The Royal Air Force Long Service and Good Conduct Medal is a medal awarded to regular members of the Royal Air Force in recognition of long service. It was instituted by King George V in 1919, the year following the establishment of the world's first independent air force. At first, the medal was awarded to Regular Force non-commissioned officers and airmen of the Royal Air Force. The award criteria were later relaxed to also allow the award of the medal to officers who had served a minimum period in the ranks before being commissioned. Since 2016, it is awarded to all regular members of the RAF, including officers who had never served in the ranks.

==Overview==
In the complex British honours system, there were distinct awards for officers and men for each service arm, Navy, Army and Air Force, and for each type of service, Regular Force or Reserve components. Regular Force officers were not eligible for any long service awards since, as they held a commission, they were expected to serve honourably and for a long period of time. Reserve Force officers were eligible for various long service decorations that granted them the use of post-nominal letters, while Reserve Force other ranks were eligible for various long service and good conduct medals, but without post-nominals.

==Institution==
The Royal Air Force - the world's first Air Force - was established on 1 April 1918 by the amalgamation of the Royal Flying Corps of the Army and the Royal Naval Air Service of the Navy. Regular Force other ranks of the new "junior service" had earlier been eligible for the award of either the Army Long Service and Good Conduct Medal or the Naval Long Service and Good Conduct Medal (1848), depending on their service of origin. In the year following the establishment of the Royal Air Force, on 1 July 1919, the Royal Air Force Long Service and Good Conduct Medal was instituted by King George V, and the first awards of the medal were announced in October 1919.

==Award criteria==
When it was instituted, the medal could be awarded to Regular Force Royal Air Force non-commissioned officers and airmen after eighteen years of unblemished service. The qualifying period was reduced to fifteen years with effect from 1 December 1977.

- Eligibility
An airman became eligible for the award of the medal upon completion of eighteen (later fifteen) years of reckonable service from the date of attestation or age 17½, whichever was later. However, there were a number of offences which would normally preclude award of the medal. Awards were only made after a thorough check of an airman's record of service. The award of the medal required the recommendation of the individual's commanding officer and it could therefore only be awarded to serving personnel.

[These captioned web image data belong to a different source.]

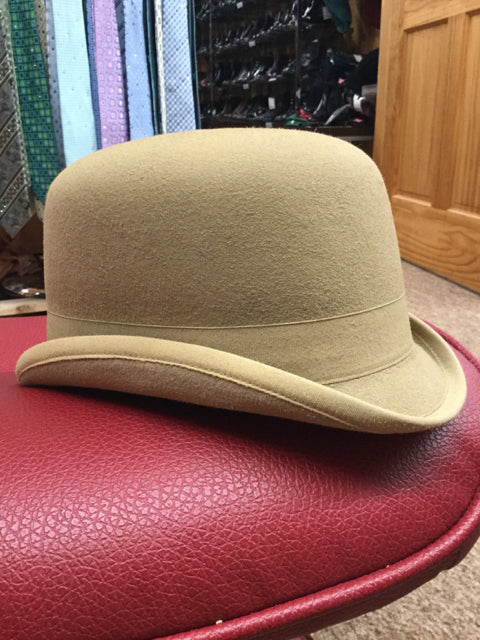 Size 6 7/8 Derby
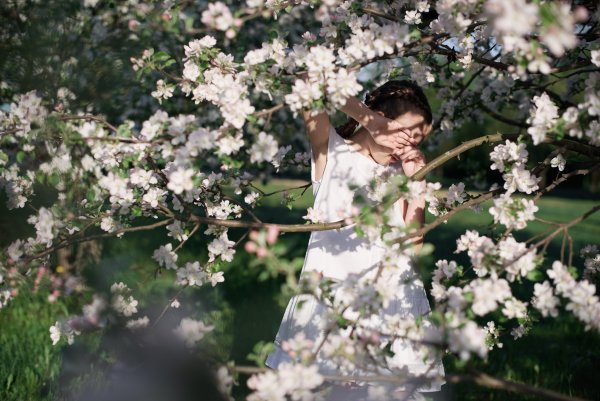 Любовь в цветущем саду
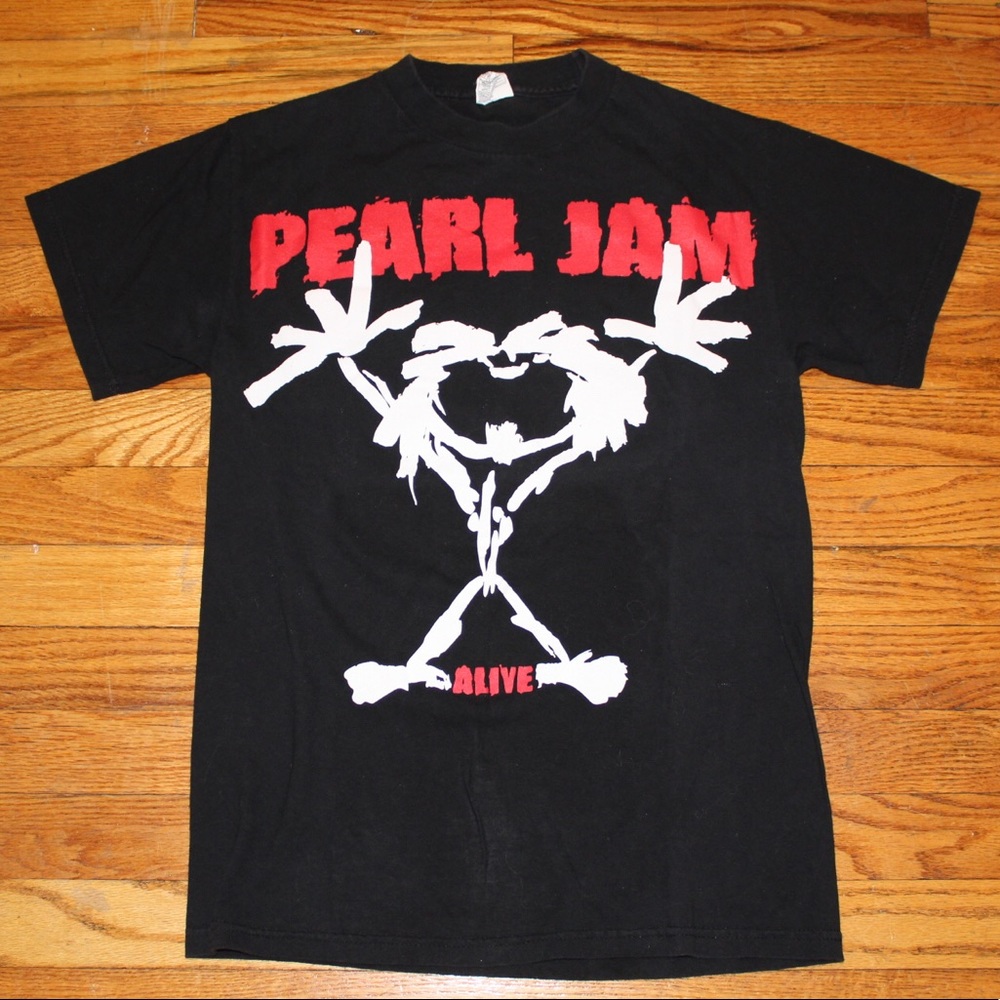 PEARL JAM T SHIRT
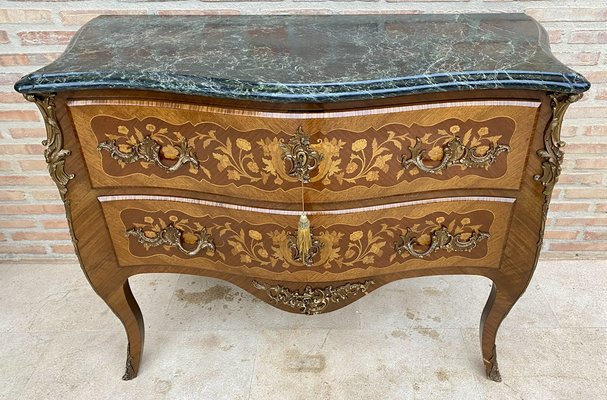 French Louis XV Style Bombé Satinwood Marquetry and Ormolu Mounted Commode, 1940s-NOU-1822947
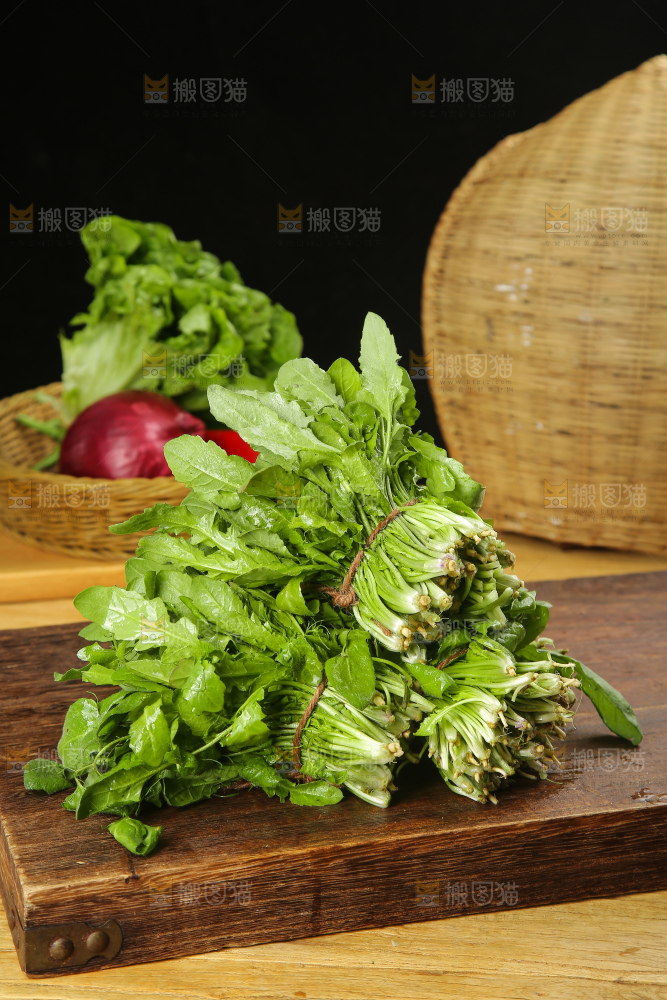 木底上的荠菜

Prior to 1944 up to four years of the required total could have been earned in either the Royal Navy or British Army before the serviceman had transferred to the Royal Air Force. Prior to 1945 the medal could be awarded for distinguished service in wartime or emergency, without the time served or good conduct requirement having to be fulfilled.

- Clasp

From 1944 a clasp to the medal could be awarded for additional periods of eighteen (later fifteen) years of good service. As of 1 Oct 16, a clasp is awarded for each period of ten years of unblemished service.

- Officers
Regular Force officers were traditionally not eligible for any long service awards. From 1947, announced in AMO A576, Royal Air Force Officers also became eligible for the award of the medal, but only if at least twelve of the fifteen years of their service had been in the ranks and provided that the conduct requirements for the award of the medal had been met. Also from that date, an officer became eligible for the award of the clasp if at least twenty-two of the thirty years of his or her service had been in the ranks and provided that the conduct requirements had been met.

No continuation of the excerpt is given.